# WHAT THE TASK ASKS
For the material that follows, list every line containing the word "Floral".

EXTRACTED DATA START

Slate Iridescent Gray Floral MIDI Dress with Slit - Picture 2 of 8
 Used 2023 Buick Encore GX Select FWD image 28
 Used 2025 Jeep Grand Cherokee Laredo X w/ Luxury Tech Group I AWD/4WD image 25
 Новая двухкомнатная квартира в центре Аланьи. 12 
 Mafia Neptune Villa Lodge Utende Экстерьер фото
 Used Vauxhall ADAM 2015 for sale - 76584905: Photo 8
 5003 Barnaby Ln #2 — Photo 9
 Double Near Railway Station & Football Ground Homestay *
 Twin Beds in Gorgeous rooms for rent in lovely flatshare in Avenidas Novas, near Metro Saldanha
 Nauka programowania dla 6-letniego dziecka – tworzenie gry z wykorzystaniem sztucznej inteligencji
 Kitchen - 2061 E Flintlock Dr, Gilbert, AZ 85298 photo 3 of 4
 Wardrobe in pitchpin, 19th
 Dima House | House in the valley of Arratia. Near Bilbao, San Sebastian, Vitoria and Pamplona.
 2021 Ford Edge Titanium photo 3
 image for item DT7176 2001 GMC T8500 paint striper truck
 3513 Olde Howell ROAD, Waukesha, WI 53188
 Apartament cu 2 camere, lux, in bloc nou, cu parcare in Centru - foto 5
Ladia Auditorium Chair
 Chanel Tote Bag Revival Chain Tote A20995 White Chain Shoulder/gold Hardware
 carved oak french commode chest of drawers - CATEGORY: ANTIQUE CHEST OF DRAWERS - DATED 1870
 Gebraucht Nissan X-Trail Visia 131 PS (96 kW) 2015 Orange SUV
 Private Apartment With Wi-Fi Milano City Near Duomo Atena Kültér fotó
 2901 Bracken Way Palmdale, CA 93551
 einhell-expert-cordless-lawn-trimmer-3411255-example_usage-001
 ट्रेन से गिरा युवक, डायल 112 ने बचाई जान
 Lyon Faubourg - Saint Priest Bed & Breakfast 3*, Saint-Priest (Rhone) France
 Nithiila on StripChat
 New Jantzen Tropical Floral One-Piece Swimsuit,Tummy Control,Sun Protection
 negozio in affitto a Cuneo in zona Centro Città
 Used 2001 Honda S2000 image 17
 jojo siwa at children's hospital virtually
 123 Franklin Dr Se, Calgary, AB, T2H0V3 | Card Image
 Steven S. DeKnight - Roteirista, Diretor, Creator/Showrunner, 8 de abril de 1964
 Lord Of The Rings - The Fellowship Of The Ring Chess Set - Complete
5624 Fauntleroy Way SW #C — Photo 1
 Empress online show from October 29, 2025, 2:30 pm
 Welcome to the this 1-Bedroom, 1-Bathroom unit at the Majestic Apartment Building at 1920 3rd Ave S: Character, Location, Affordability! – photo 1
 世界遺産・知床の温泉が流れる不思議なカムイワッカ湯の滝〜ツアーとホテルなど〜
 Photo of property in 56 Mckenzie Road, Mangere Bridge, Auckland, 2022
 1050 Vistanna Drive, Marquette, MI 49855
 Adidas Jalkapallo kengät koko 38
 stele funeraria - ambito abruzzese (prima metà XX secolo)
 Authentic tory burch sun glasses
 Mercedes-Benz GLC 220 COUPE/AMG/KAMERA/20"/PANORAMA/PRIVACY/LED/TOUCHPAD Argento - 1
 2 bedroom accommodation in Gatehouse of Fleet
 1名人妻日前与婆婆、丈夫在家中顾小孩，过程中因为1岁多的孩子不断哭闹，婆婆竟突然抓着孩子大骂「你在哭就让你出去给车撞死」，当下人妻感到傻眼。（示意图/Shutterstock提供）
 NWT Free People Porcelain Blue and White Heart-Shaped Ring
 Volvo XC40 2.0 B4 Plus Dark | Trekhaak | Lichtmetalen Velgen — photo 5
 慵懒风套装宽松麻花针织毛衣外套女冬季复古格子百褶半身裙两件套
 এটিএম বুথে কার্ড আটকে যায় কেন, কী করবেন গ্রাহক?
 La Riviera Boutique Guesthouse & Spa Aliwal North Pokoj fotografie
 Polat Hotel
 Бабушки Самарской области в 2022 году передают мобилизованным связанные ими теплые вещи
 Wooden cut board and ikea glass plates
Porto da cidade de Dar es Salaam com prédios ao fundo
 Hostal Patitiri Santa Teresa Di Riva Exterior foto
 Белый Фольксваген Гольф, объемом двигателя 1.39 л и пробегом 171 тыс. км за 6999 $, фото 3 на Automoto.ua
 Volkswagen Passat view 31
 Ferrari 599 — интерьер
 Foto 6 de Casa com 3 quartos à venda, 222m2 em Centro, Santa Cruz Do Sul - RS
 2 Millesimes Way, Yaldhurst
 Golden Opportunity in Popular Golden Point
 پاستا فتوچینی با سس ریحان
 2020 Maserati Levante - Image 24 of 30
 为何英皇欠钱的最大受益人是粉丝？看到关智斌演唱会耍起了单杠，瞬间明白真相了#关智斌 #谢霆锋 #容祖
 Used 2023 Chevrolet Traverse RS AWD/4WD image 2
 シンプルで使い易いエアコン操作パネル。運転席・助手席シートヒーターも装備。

EXTRACTED DATA END

# YOUR RESPONSE
Slate Iridescent Gray Floral MIDI Dress with Slit - Picture 2 of 8
 New Jantzen Tropical Floral One-Piece Swimsuit,Tummy Control,Sun Protection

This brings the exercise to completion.